In some parts of the political world, including the US State Department for a time, Pakistan has been regarded as a failed state and justifiably so. Many say the state failed in 1971 with the creation of the state of Bangladesh but I disagree. In my view the Pakistani state failed from day one. It was doomed even before it started. To quote Hanif Quereshi, the British born writer and film maker, the country had been “sodomised by religion.” Indeed this is one of many major deficiencies in the entire fabric of the state which succeeding Governments have dared not address.

Another is organised crime. This part of the world has been lawless for centuries but now the presence of drugs, helicopters and high-tech weapons has brought the criminal fraternity into the twentieth century. Hand in hand with organised crime, there is corruption. Since the Pakistani state was created there has been one corrupt government after another. These governments may have been elected by the poor, but they have only served to enrich the rich. Democracy here, when the military allows it to exist at all, has rapidly turned into a meaningless charade, repeated but never changed, and the ordinary people are left feeling more and more excluded from the political process. I read some time ago that if Pakistan were to reduce its corruption levels to those of, say, Singapore, its income levels would increase by 50% per capita. But there is no likelihood of that happening any time soon.

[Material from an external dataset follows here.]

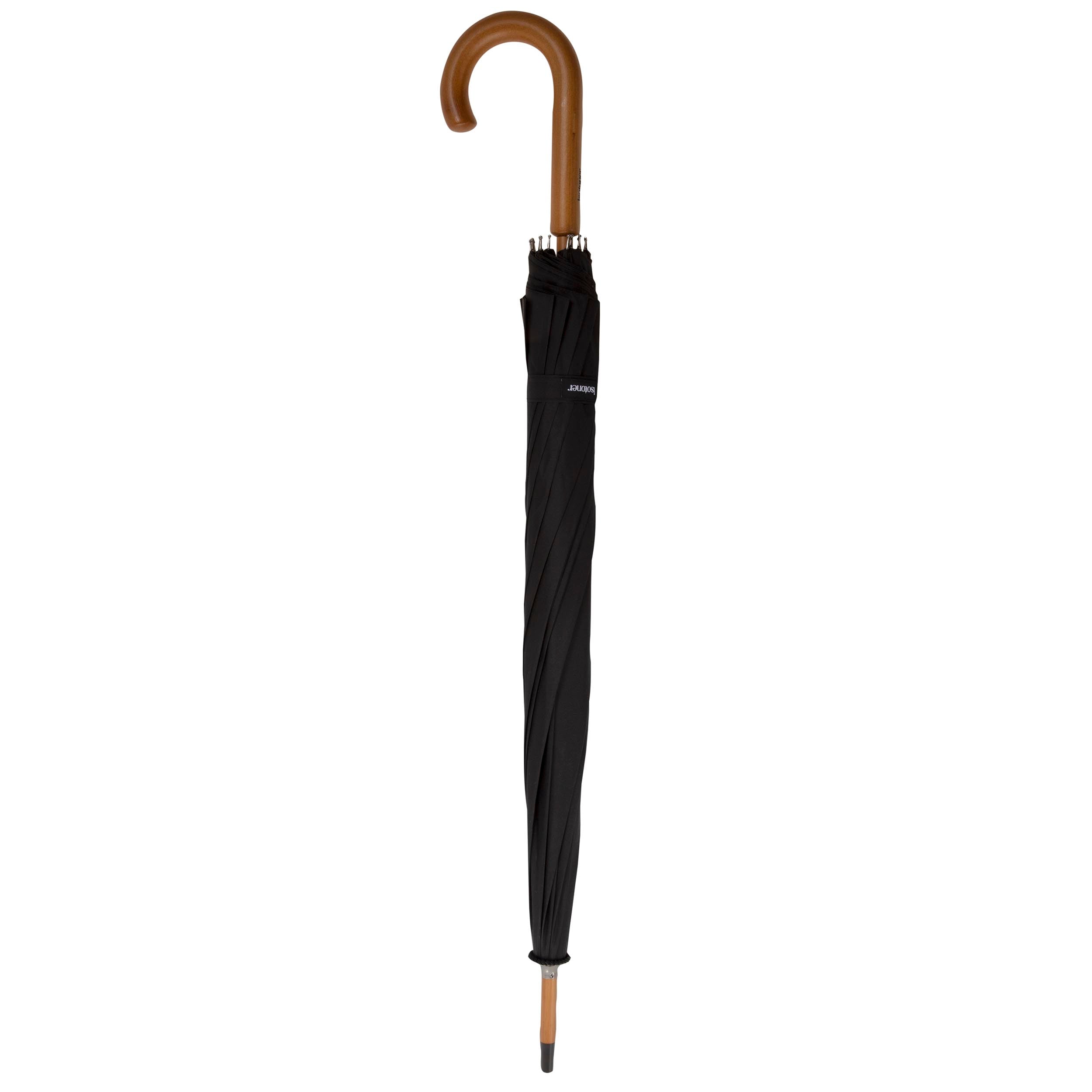 isotoner-parapluie-canne-d-perlant-noir-deluxe image 4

Other major issues in Pakistan involve its Islamisation and, arising from that, terrorism, slavery by way of bonded labour, the treatment of women and blasphemy. I first became aware of how seriously the latter issue is taken in the Islamic world from the furore surrounding the publication of The Satanic Verses, but I thought this was just an isolated incident, a one-off. How wrong can you be?

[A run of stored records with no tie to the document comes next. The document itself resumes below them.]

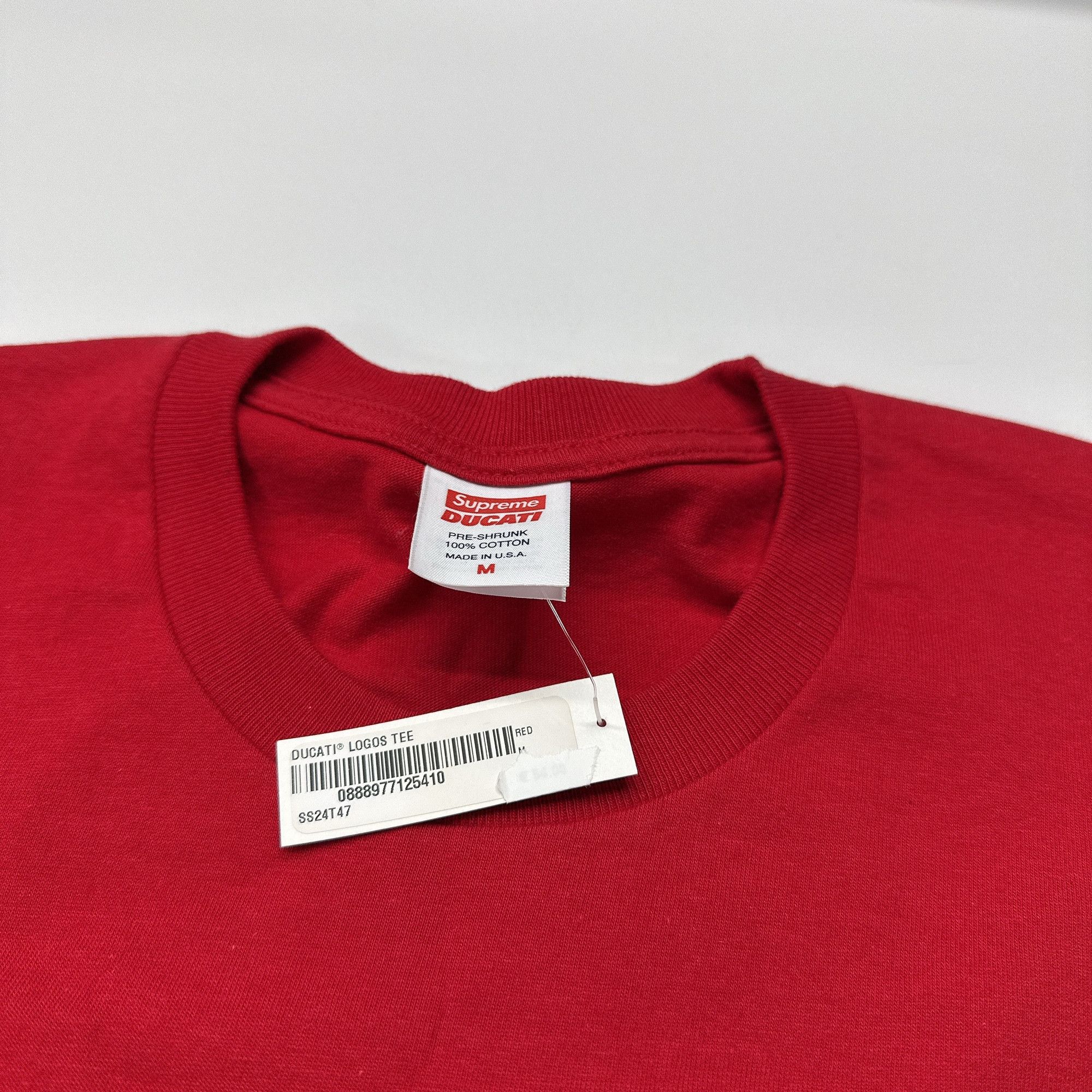 Supreme Supreme x Ducati Logo T-Shirt Size M Size US M / EU 48-50 / 2 - 4 Thumbnail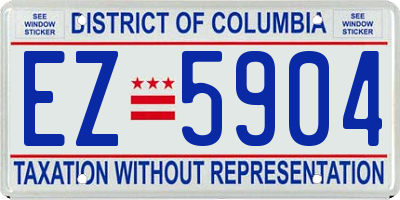 DC license plate EZ5904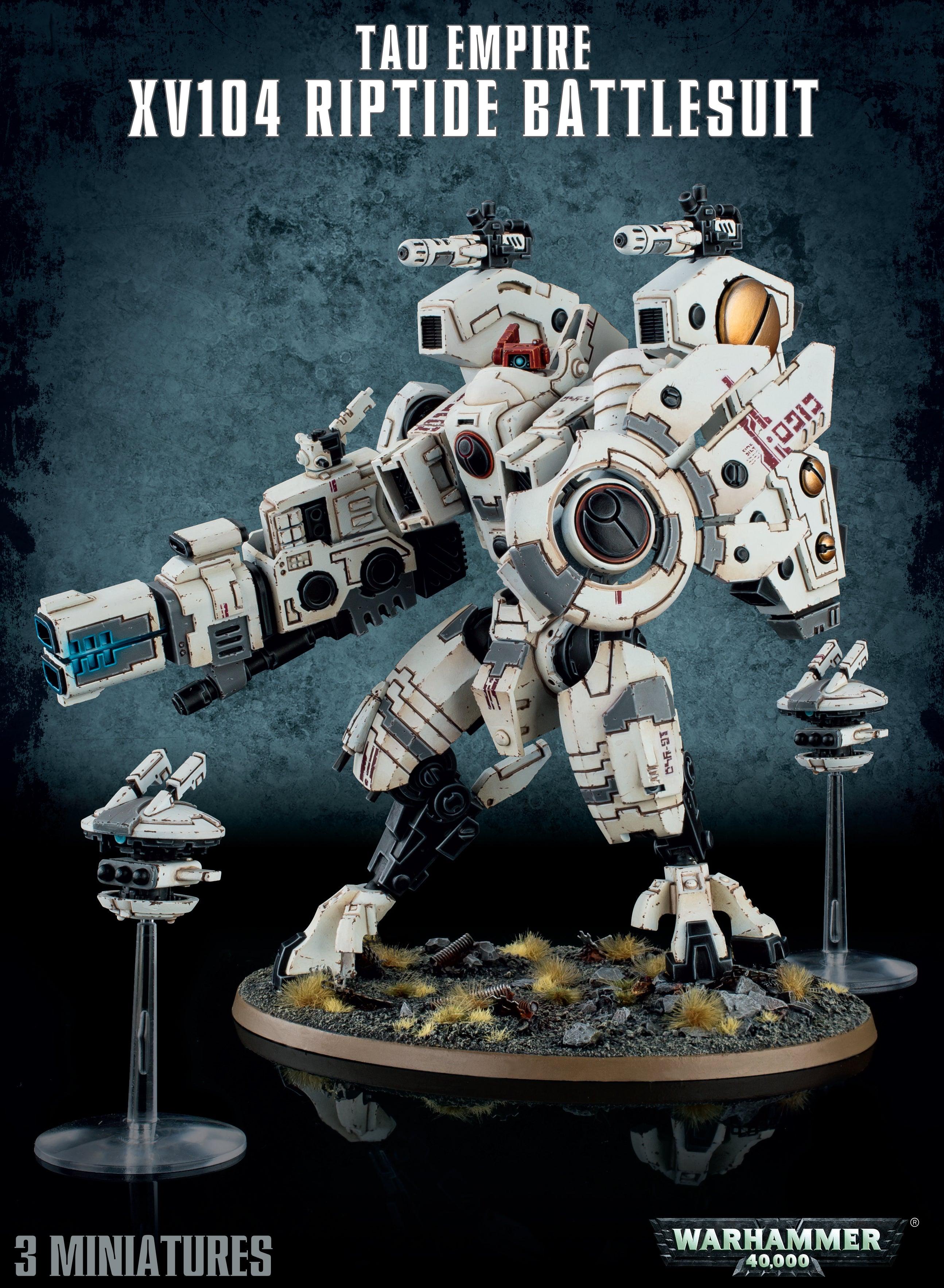 Warhammer 40K: TAU EMPIRE: XV104 RIPTIDE BATTLESUIT - Trinity Hobby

Islamic extremists have caused laws to be passed against blasphemy, which make this offence punishable by death. When I was first in Islamabad, I read in an English language newspaper about the case of Salamat Masih, which, apart from The Satanic Verses, was the first such case to come to my attention. Three Christians — thirteen year old Salamat Masih, along with Manzoor Masih and Rehmat Masih — had been sentenced to death for chalking anti-Islamic slogans on the wall of a mosque. The paper I had been reading had insinuated strongly that the charges had been trumped up and suggested the defendants could not possibly have been guilty since none of them could read nor write. On 5 June 1994, while the case was being heard in Lahore, the defendants had been attacked and shot at by a group of militants. Manzoor Masih was shot dead and the other two wounded, one severely. All the time I was in Islamabad, the two survivors were still in custody under sentence of death. The assassins had not been caught and from what I had read in various newspaper articles, nobody expected them to be.

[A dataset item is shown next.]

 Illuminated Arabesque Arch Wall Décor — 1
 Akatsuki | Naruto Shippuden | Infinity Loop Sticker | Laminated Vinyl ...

In February 1995, the sentences of death imposed on Salamat and Rehmat Masih were quashed on appeal by the Lahore High Court. An extremist group calling itself Sipah-e-Sahaba, the Army of Prophet Muhammed’s Companions, distributed posters demanding that the two be publicly executed and Salamat Masih and his co-accused fled the country and sought asylum in Germany under assumed names to escape being murdered. Justice Arif Bhatti, one of the senior judges who acquitted the pair was not so lucky. On 10th October 1997, he was shot dead by motor-cycle gunmen while he was leaving the Lahore High Court Building.

The blasphemy laws are how the militants settle scores, silence opponents or instil fear into their enemies. They get away with it the way people like this have always got away with it. Anyone who opposes them openly risks being murdered or wrongfully accused of blasphemy. Even if the case is dropped or thrown out of court as many of them are, the accused person is hounded by vigilantes. People have been killed merely for being accused and acquitted of blasphemy, and the killers remain free. To some people, to be accused is to be guilty and if the courts do not see it that way, then there are plenty of others who will.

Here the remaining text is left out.